--- DATASET SECTION ---
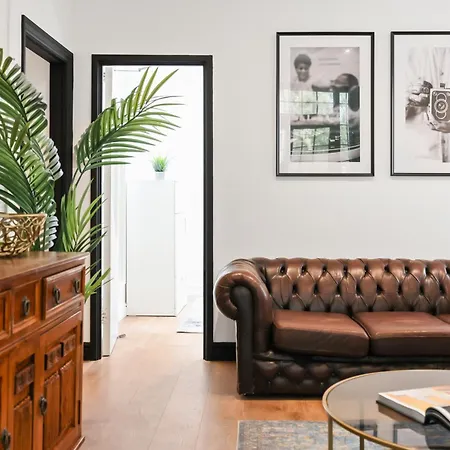 Centrally Located Spacious Three Bedroom Short Term & Flexible Renting Hackney With Free Wifi Apartment London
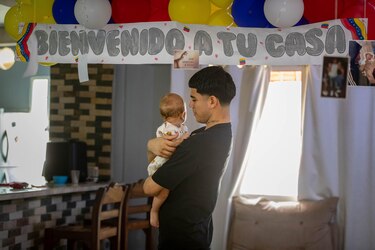 La brutalidad en la megacárcel de Bukele que denuncian 8 de los venezolanos deportados por Estados Unidos: ‘bienvenidos al cementerio de hombres vivos’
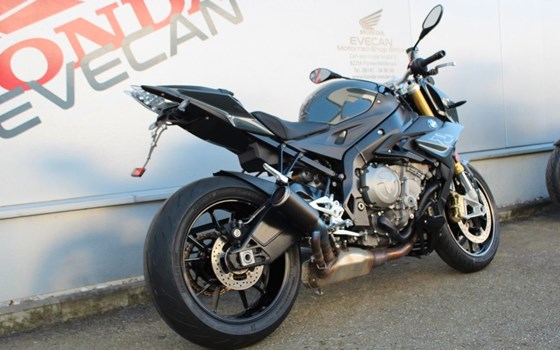 Gebrauchtmotorrad BMW S 1000 R - Bild 6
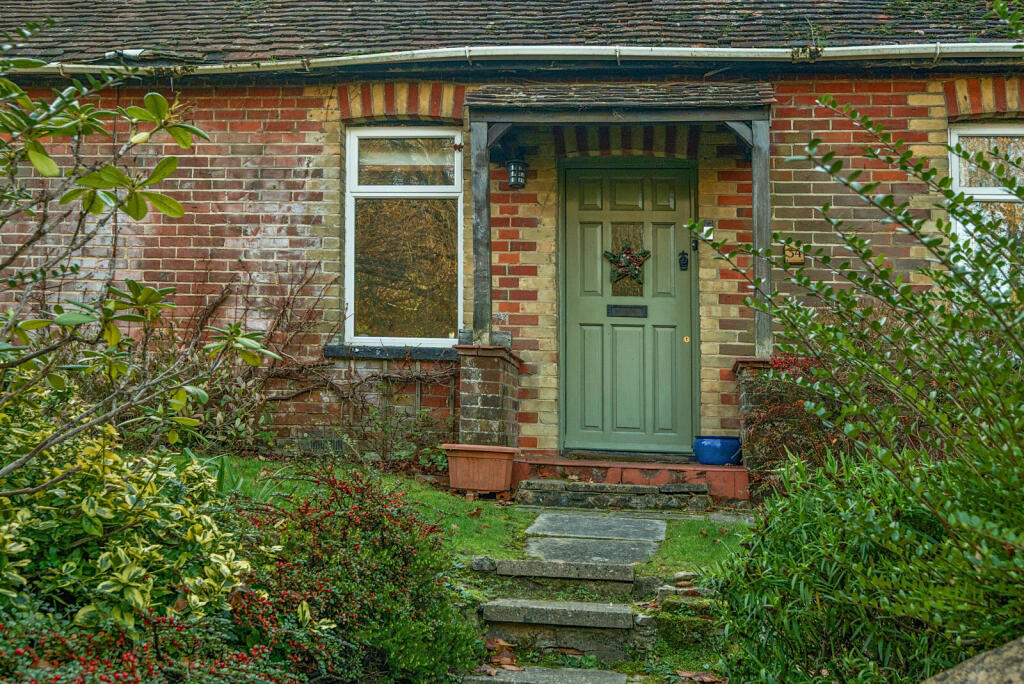 1382332-5-691f0a2...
---
(YOUR TASK)
Nothing but the pictures should be left out when the material above is copied.

(SOLUTION TO THIS EXERCISE)
 Centrally Located Spacious Three Bedroom Short Term & Flexible Renting Hackney With Free Wifi Apartment London
 La brutalidad en la megacárcel de Bukele que denuncian 8 de los venezolanos deportados por Estados Unidos: ‘bienvenidos al cementerio de hombres vivos’
 Gebrauchtmotorrad BMW S 1000 R - Bild 6
 1382332-5-691f0a2...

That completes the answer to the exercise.